The streets come alive in the Big Easy, otherwise known as New Orleans, and it’s your job to mesmerize the crowds with beautiful music. Feel out the mood, play a signature tune, and reap the rewards of adoration – and financial success. But what’s that sound down the street? It’s another band coming to steal your crowd! Welcome to the jazzed-up area control game of Big Easy Busking. There’s only space for one Next Big Thing in New Orleans – if you’re not up to the task, someone else will be.
What’s In the Box?
Big Easy Busking comes in a colorful, appealing box which contains the following:
15 Crowd Cards
33 Song Cards
5 Player Cards
5 Turn Seqeunce Cards
2 Robot Cards
5 Sets of 15 Energy Tokens (75 Total)
14 Mood Tokes
4 Standard Tokens
50 Dollar Tokens (including $1, $5, & $10 coins)
and 11 Storage Bags
The elements here are all quite nice. The cards are especially vibrant, featuring lovely art that doesn’t get in the way of each card’s gameplay features. The tokens are all nice to handle, especially the wooden energy tokens which are satisfying to move around the board. The only possible gripe is that the ability cards, which form a subset of the song cards, could feature an alternative back for easy sorting, given that they’re never supposed to be mixed up with the other song cards. But for a game at this price that has so much else to offer, that’s quite a minor complaint.
How Does It Play?
In Big Easy Busking, each player controls a band whose members each have a limited amount of energy. Over the course of three nights your band will play songs on the streets of New Orleans, learn new songs, and, hopefully, earn big money and tips. Each night consists of turns that the players take until every player has passed.
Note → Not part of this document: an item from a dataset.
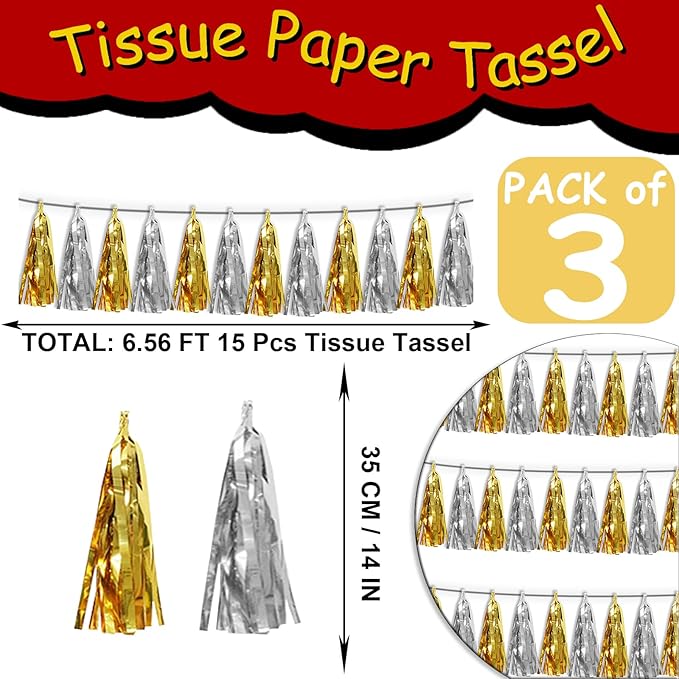 3P Gold Silver Tassel Banner Garland Metallic Foil Fringe Banner Tinsel Tassels Streamer Banner Backdrop for Parade Floats, Graduation Decorations, Father' Day, Halloween, Christmas Decorations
Each round begins with each player going through a special turn where they may play or purchase a song, essentially setting up for the first ‘real’ turn. You play a song by placing it on your street with the required amount of energy, or learn a song by discarding a set amount required to do so. The game involves using various processes to turn your energy into board control and money for your band.
After this special segment, the first phase of each turn sees players finishing the song they began playing on previous turn. If the song you played matches the mood of the street, you may either place your energy cubes on the board and earn some extra money or use the energy of the crowd to refresh your own band’s energy. Both options offer players a substantial advantage. Otherwise, you simply place your energy on the street. Either way, you’ll end up discarding your song card, which you’ll regain at the start of the next round.
The next step, the shortest and simplest of the lot, offers you the option to tip your band to add energy from your reserve to your player board. This allows you to easily convert money earned in previous rounds into performance boosts in the current round.
The final phase of each turn sees you either spending some time and energy to learn a new song by adding it to your hand or playing a song from your hand onto a street. After each player passes, the round ends. The number of each player’s energy cubes is tallied street by street. For each street, the player with the most energy on that street wins the crowd over and receives bonus money, as well as a token representing their victory on that street. Other bands who have placed substantial amounts of energy on the street, but don’t have the most energy there, may receive money as well if they cross the street’s indicated threshold.
Successive rounds see the number of streets available to your bands increasing as your reputation spreads in the city. Each street card has a different mood and money amount available to the bands which play there. Because players can win both the winner’s bonus and the threshold bonus, spaces that offer lots of money for both become highly contested.
Big Easy Busking is a fun and thematically-rich game for all ages. The strategy is involved enough to delight more experienced gamers, and the gameplay is simple enough for young children. Though the gameplay loop of each round is repetitive at first blush, the extra available money and greater variety of streets in successive rounds evokes the spirit of an engine-building game and gives enough variation to stop the game from feeling monotonous.
There’s no wasted space here. Every element, from the streets to the songs to the energy is in service of and is enhanced by the theming. It is clear that the designer, Joshua Mills, has a deep appreciation for jazz, and the artwork, by Adrienne Ezell and Andrew Thompson, is expressive and, frankly, gorgeous. It’s difficult not to get swept up in the magic of Big Easy Busking. By the end of the song, you’ll want to play it all over again.
Big Easy Busking plays 1–5 players in 45–60 minutes. The regular version can be picked up for $29 and the deluxe version for $45 at the Weird Giraffe Games store or as a print-and-play file for $8 from PNP Arcade.